Mawata, sometimes called silk hankies, are a preparation of silk associated with spinning and felting. But many fiber artists don’t know that you can knit with unspun silk as well. It creates a very light, textured yarn.
What You Need:
- silk mawata, dyed or plain
- US size 11 (8.0mm) knitting needles or needles of your choice
- toilet paper cardboard tube or cardstock
Preparing the Silk
Begin by taking a thin layer of hankies, no more than 2-3 cocoons. You should be able to easily see through the hankies. Silk is incredibly strong. The more layers of silk you try to work with at once, the harder it will be to stretch. Be careful, because I promise you the silk is stronger than your epidermis.
Put your fingers through the center of the mawata and begin to stretch it. Make a silk donut. Depending on how you want to handle to colors, you may also stretch from the edges instead. The goal is to stretch the fiber into a silk roving.
Continue to stretch the silk. Try to stretch it evenly across the length. If you need to, place your foot in the loop and use your leg as leverage to continue stretching.
How Thin Do I Stretch It?
It depends on how thick you want your silk “yarn” to be. A good guide is to twist the roving slightly between two fingers. This will show you roughly what weight of yarn you have, even though the finished yarn won’t have twist in it and may appear thicker. Twisting it compacts the fibers in a similar way to the way the stitches compact it.

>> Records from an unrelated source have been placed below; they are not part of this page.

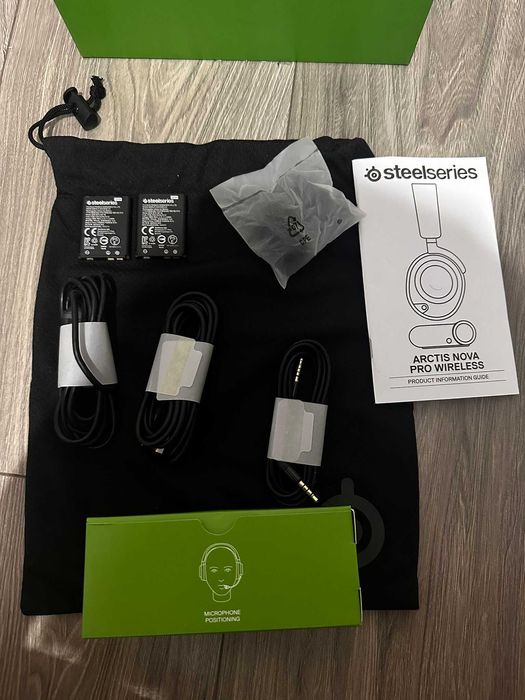 SteelSeries Artics Nova Pro Wireless Albe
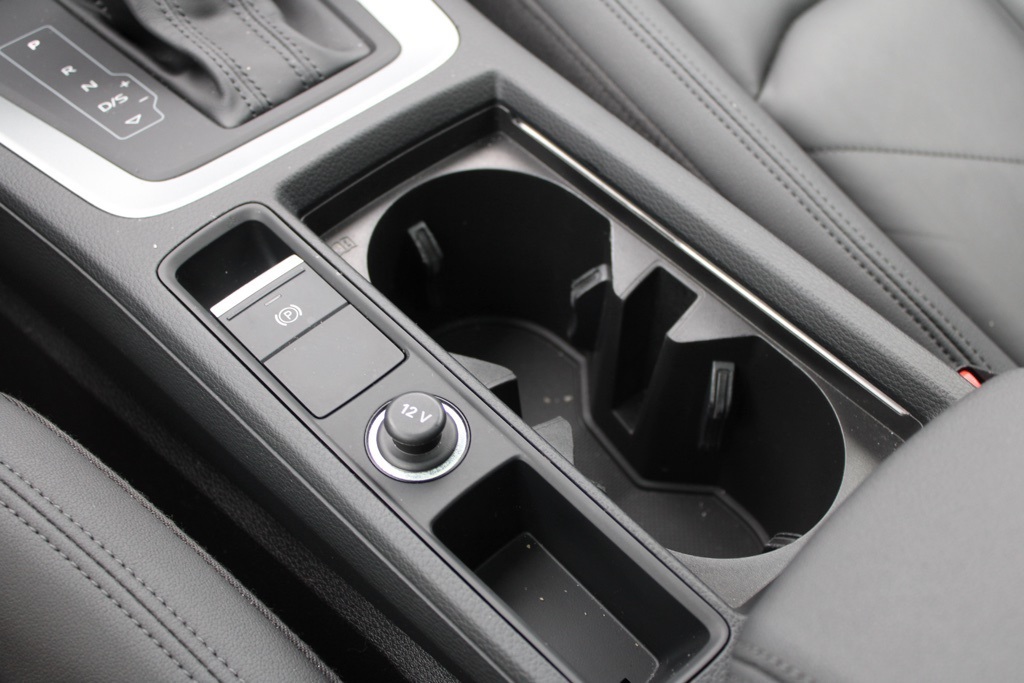 2021 Audi Q3 S line Premium 45 TFSI photo 28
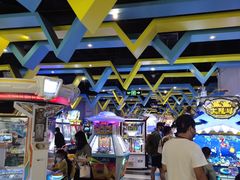 -反斗乐园π·电玩·高空拓展·蹦床(龙华天虹店)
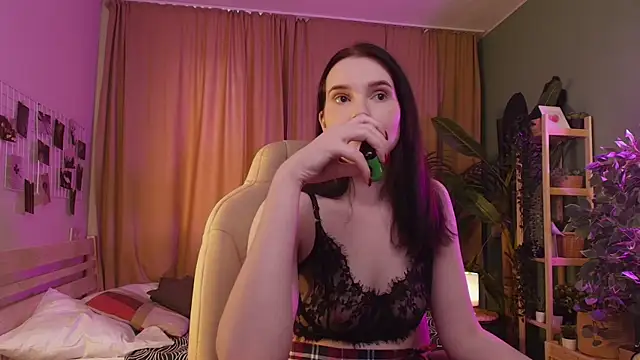 Kristen Bellle online show from 04/10/26, 01:12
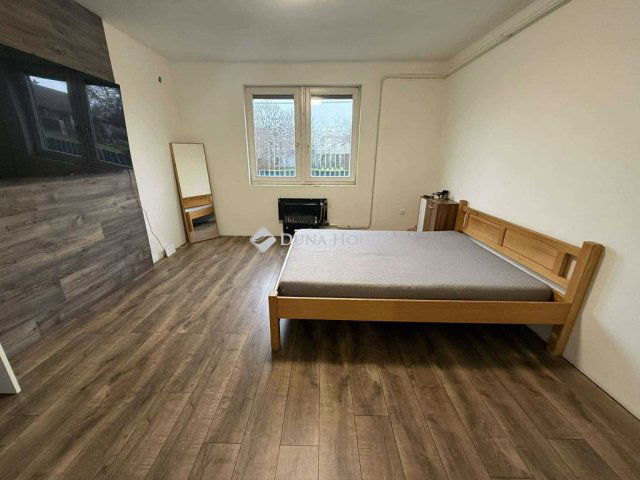 Eladó családi ház, Izsákon 25.5 M Ft, 4 szobás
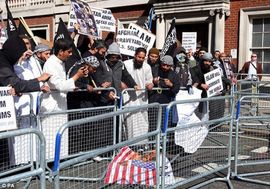 Islamisti zapalili zastavu SAD ispred ambasade u Londonu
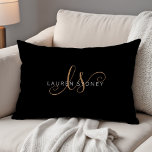 Almofada Decorativa Script Feminino Dourado Preto Moderno Monograma<br><div class="desc">Travesseiro de Ênfase Monograma do Script Feminino Dourado Preto Moderno. Personalize facilmente este moderno travesseiro elegante de sotaque com o seu monograma e nome personalizados.</div>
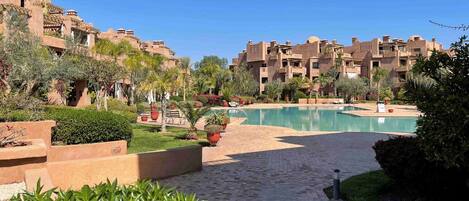 Una piscina al aire libre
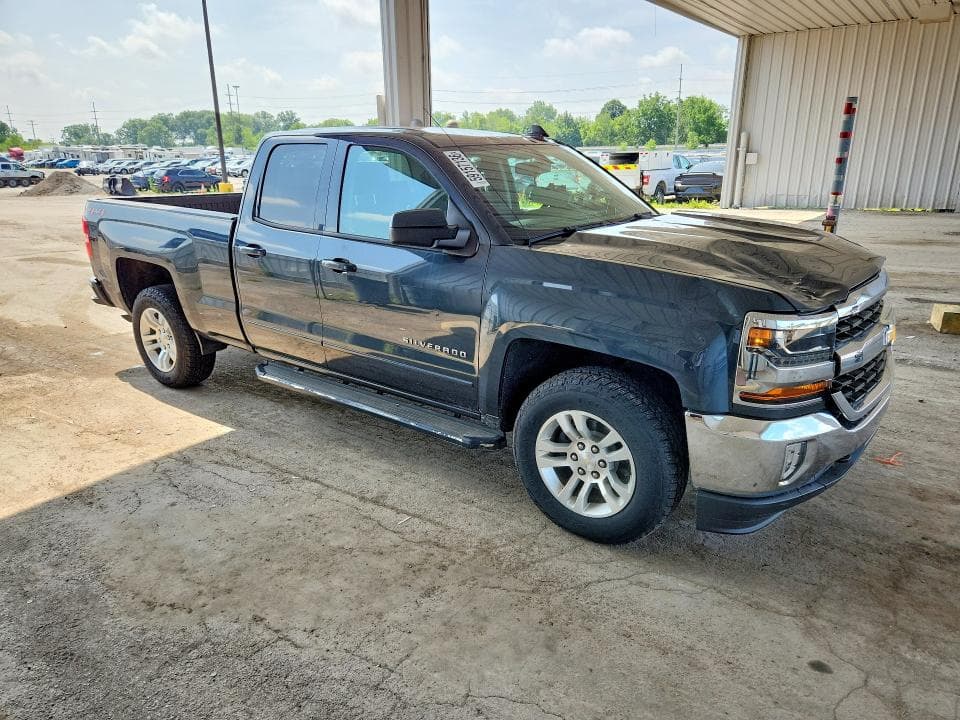 2018 CHEVROLET SILVERADO K1500 LT 4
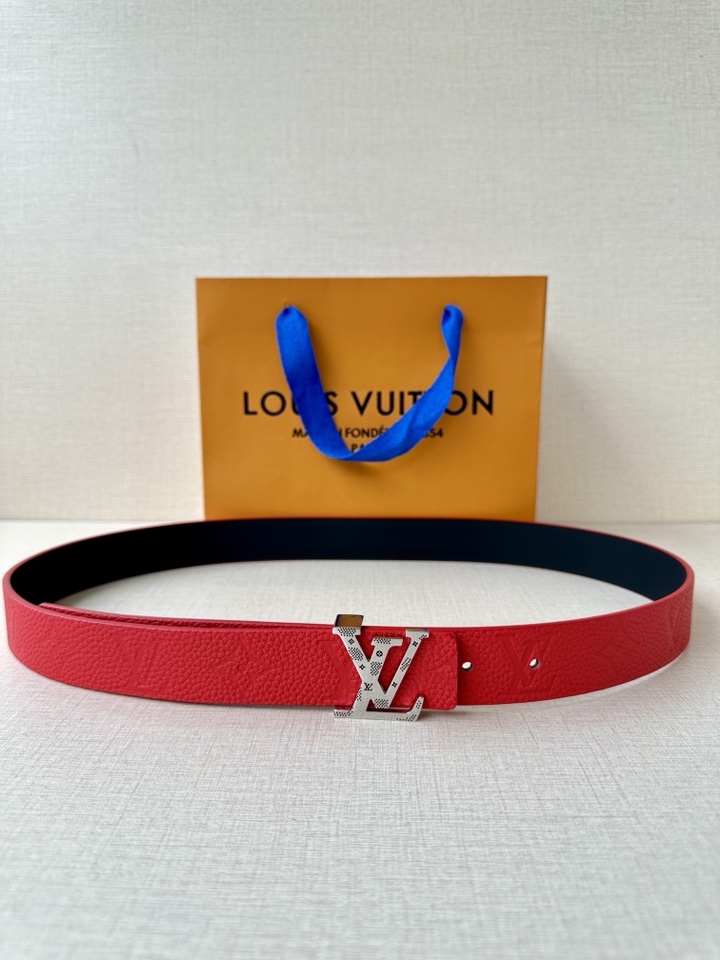     3.0宽 LV 双面腰带取材缝线皮革和 进口双面荔枝压花 为纤细设计注入柔美风情。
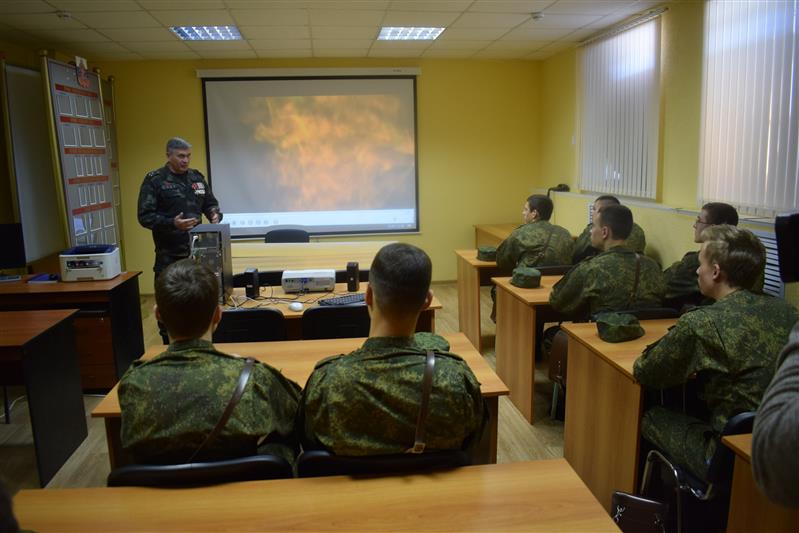 Сотрудники СОБР провели урок мужества для юных ставропольцев
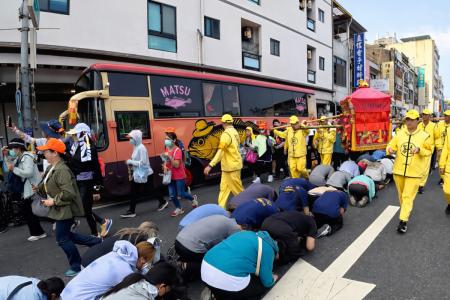 黃魚公車出任務　白沙屯拱天宮進香新亮點（三）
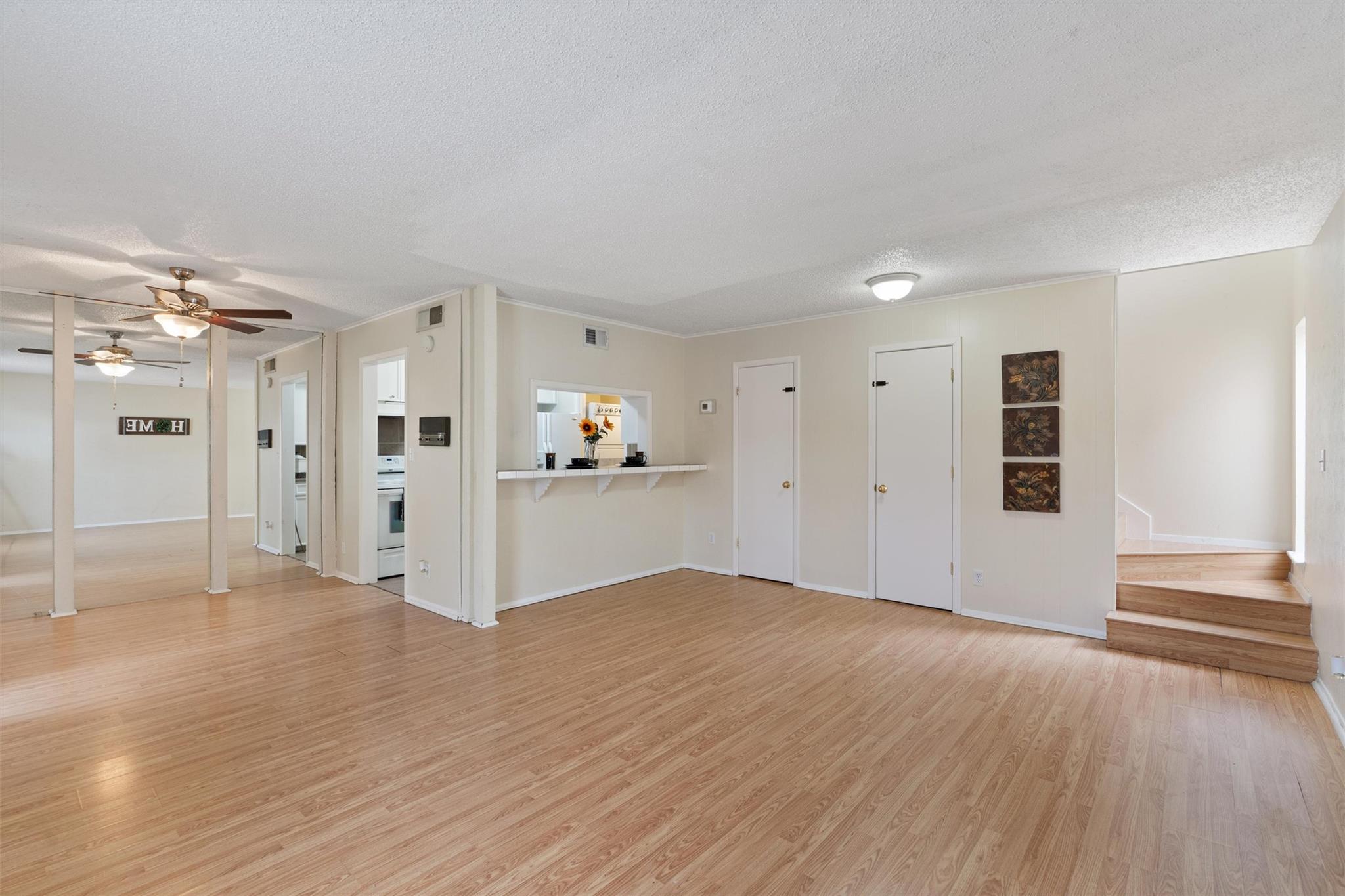 6718 Silvermine Drive Austin TX 78736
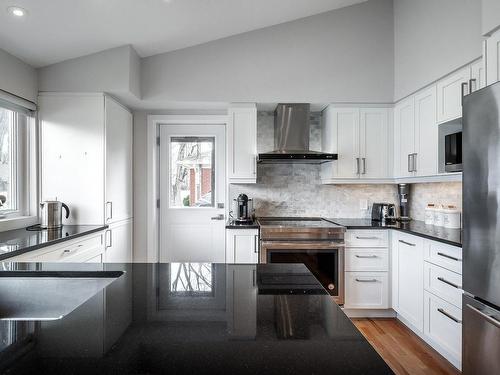 Cuisine - 5728 Av. Mcmurray, Côte-Saint-Luc, QC - Indoor Photo Showing Kitchen With Upgraded Kitchen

Remember, it is better to understretch than overstretch. You can draft a thick area, but it is much more difficult to make a thin spot thicker.
And Then What?
Then, when your roving is fairly consistently the thickness you want, find a weak spot and break it. Instead of a giant donut, you now have a long strand of silk. Wrap your roving around a piece of cardboard or cardstock to keep it from getting tangled. I don’t recommend making a ball without something in the center, as the silk will stick to itself and become tangled or messy.
You Are Ready to Knit!
Treat your silk roving as you would yarn. Silk is a very long fiber. Each cocoon is one long strand of fiber. When we stretch mawata, we break that fiber, but we’re still working with very long fibers. As a result, we can knit, crochet or weave with the silk without adding any twist.
What’s the Caveat?
Silk holds onto static and the fibers are so fine, they stick to everything. If you make a cowl with unspun silk, don’t plan to wear it with anything that has zippers or velcro and stay away from angular jewelry. While the individual fibers are strong, they aren’t twisted together and don’t create a cohesive yarn. Anything that catches on the fiber can disorganize it.
While it does have some downfalls, it is another opportunity to play with silk and different textures. It is an opportunity to learn about the qualities of silk.